SpaceX launches three Falcon 9 rockets in 36 hours

SpaceX has successfully completed three Falcon 9 launches in just over 36 hours, highlighting the company’s continuous push towards ever-higher launch cadences in 2022.

In February, shortly after a NASA oversight panelist revealed that SpaceX was targeting 52 launches in 2022, CEO Elon Musk confirmed that the company’s goal was for “Falcon [to] launch about once a week” throughout the year. In October 2020, continuing a tradition of extremely ambitious SpaceX launch cadence targets, Musk had also tweeted that “a lot of improvements” would need to be made to achieve his goal of 48 launches – an average of four launches per month – in 2021. Ultimately, SpaceX fell well short of that target, but did set a new annual record of 31 launches in one year, breaking its 2020 record of 26 launches by about 20%. However, perhaps even more important than the new record was the fact that SpaceX was able to complete six launches in four weeks at the end of 2021.

That impressive and unexpected achievement would turn out to be an explicit sign of things to come in 2022.

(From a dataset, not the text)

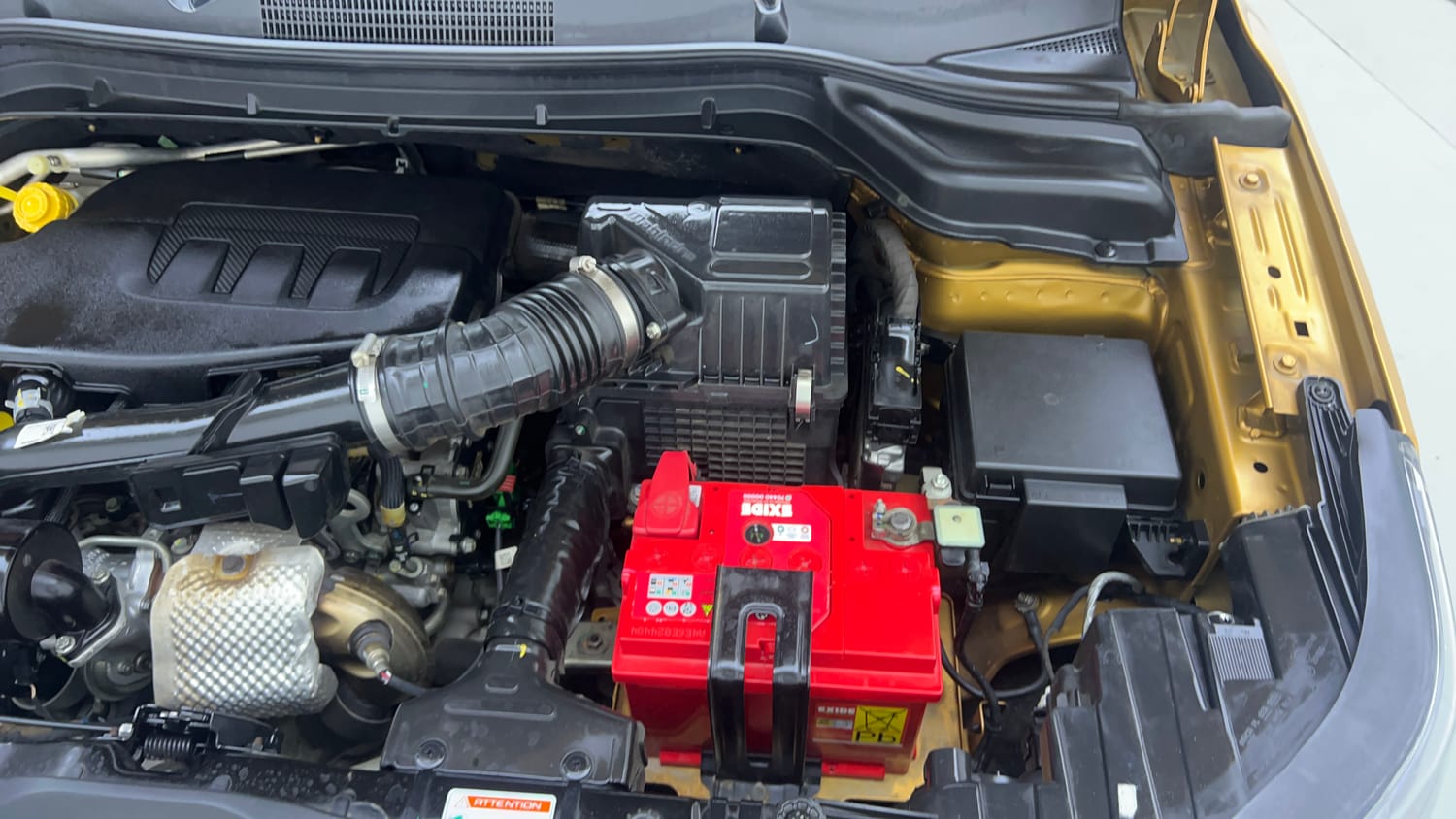 Used 2023 Mahindra XUV 300 TurboSport W8 Petrol Manual engine ENGINE LEFT SIDE VIEW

SpaceX’s successful completion of three launches in 36.5 hours is merely an extension of that feat. In the same four-week period at the end of 2021, SpaceX completed three of those six launches in 69 hours. Two months later, SpaceX did it again, launching three Falcon 9 rockets from all three of its Falcon launch pads in 67 hours.

More importantly, SpaceX has also managed to sustain an average cadence of more than one Falcon launch per week throughout the first half of 2022, completing its 26th launch of the year on June 19th with another two launches planned before the end of the month. SpaceX has actually sustained that cadence for even longer. Beginning on November 24th, 2021, SpaceX has now completed 32 Falcon 9 launches in less than seven months.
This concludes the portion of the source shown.